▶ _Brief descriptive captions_
....................
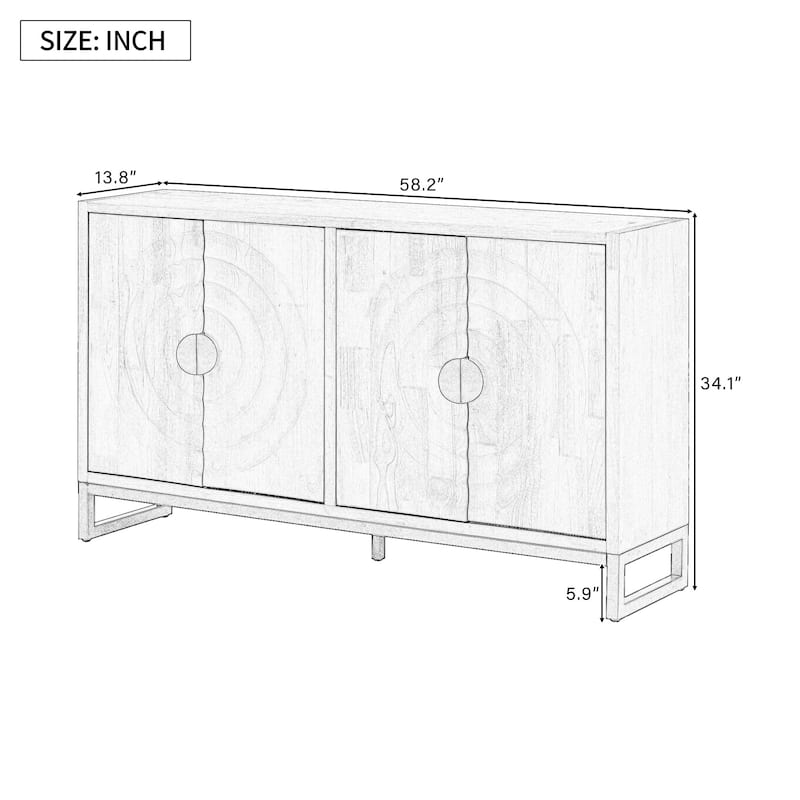 58" Storage Sideboard Cabinet with Water Wave Doors, Adjustable Shelves, Iron Legs and Handles for Entry or Study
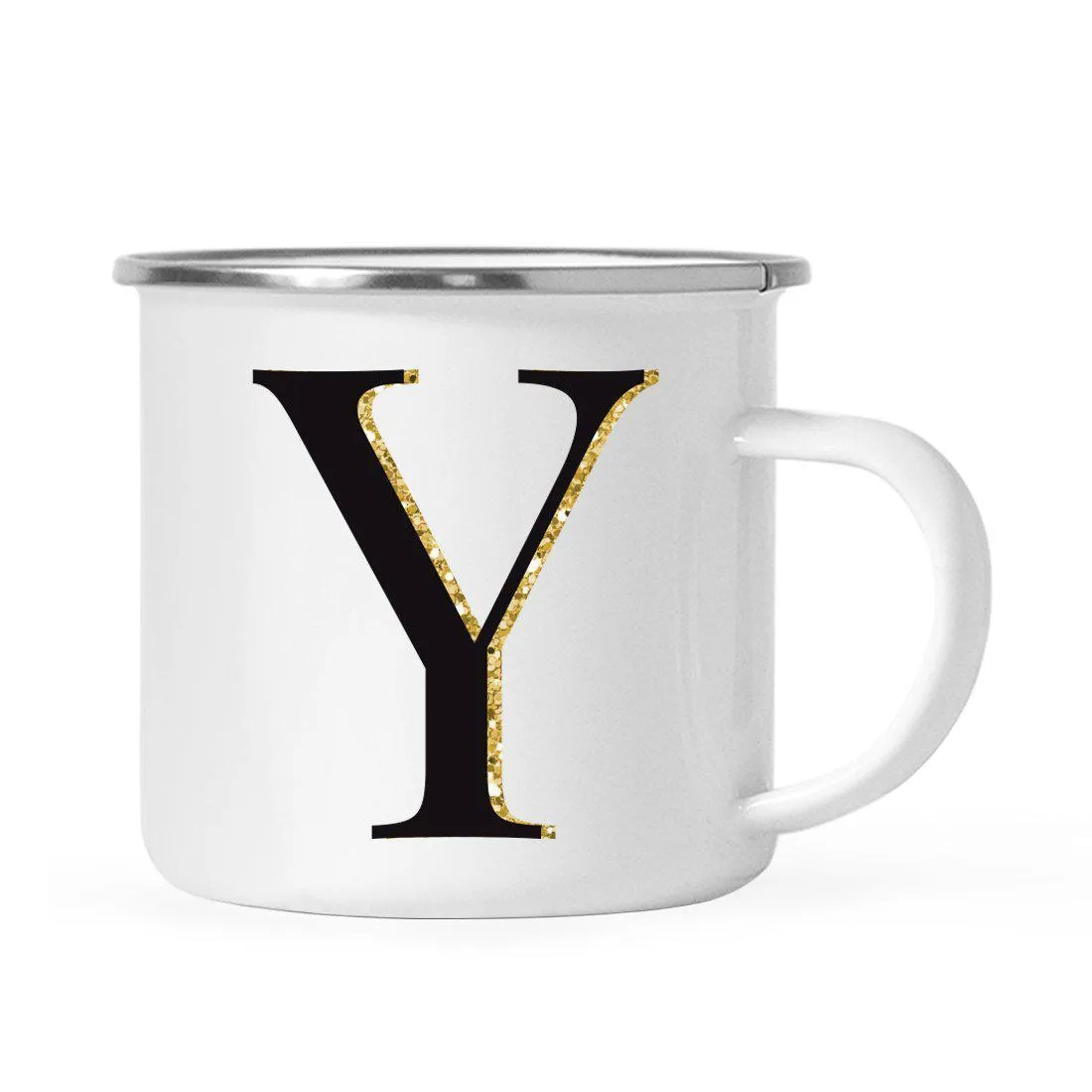 Andaz Press 11oz Black Faux Gold Glitter Monogram Campfire Coffee Mug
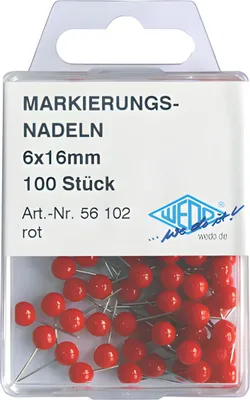 Produktbild von WEDO Markierungsnadeln Größe 6 rot Nadellänge 16 mm 100 Stück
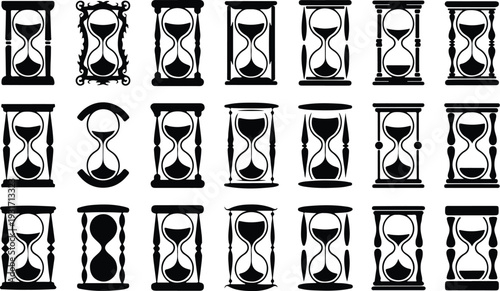 Hourglass Collection Silhouette Icon Set Sand Timer Typography Silhouette Icon Pack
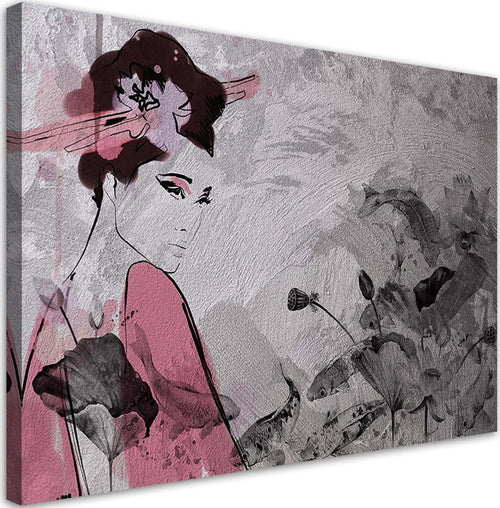 Quadro-su-tela,-Geisha-giapponese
....................
▶ _TRY IT_
Produce an exact copy of the lines from the line with "Hourglass Collection Silhouette" through the last line of the data above, both ends included. No pictures belong in it.

▶ _RESPONSE BOX_
 Hourglass Collection Silhouette Icon Set Sand Timer Typography Silhouette Icon Pack
 Quadro-su-tela,-Geisha-giapponese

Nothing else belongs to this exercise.